*Description of the task*. Find the line with "Boys - Money Gleam Ice Stretch Boxer Briefs" in the records below, then please transcribe it and every later line exactly, omitting the pictures and adding nothing.

******************************

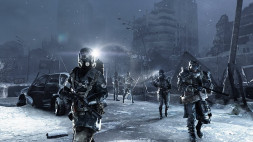 Игра Metro Redux [Nintendo Switch, русская версия]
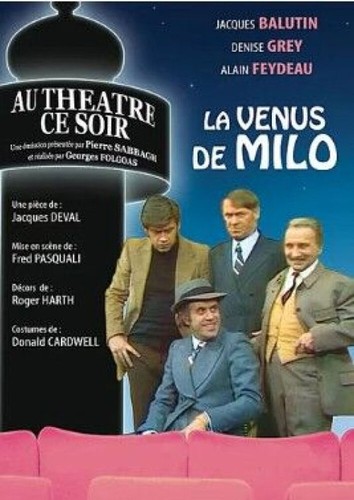 Venus milo import - la,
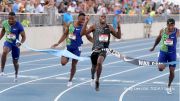 Title Of World's Greatest Sprinter Runs Through Christian Coleman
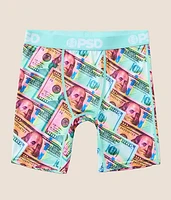 Boys - Money Gleam Ice Stretch Boxer Briefs
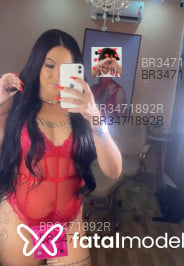 Acompanhante Bruna - Perfil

******************************

*Reply to the exercise*.
 Boys - Money Gleam Ice Stretch Boxer Briefs
 Acompanhante Bruna - Perfil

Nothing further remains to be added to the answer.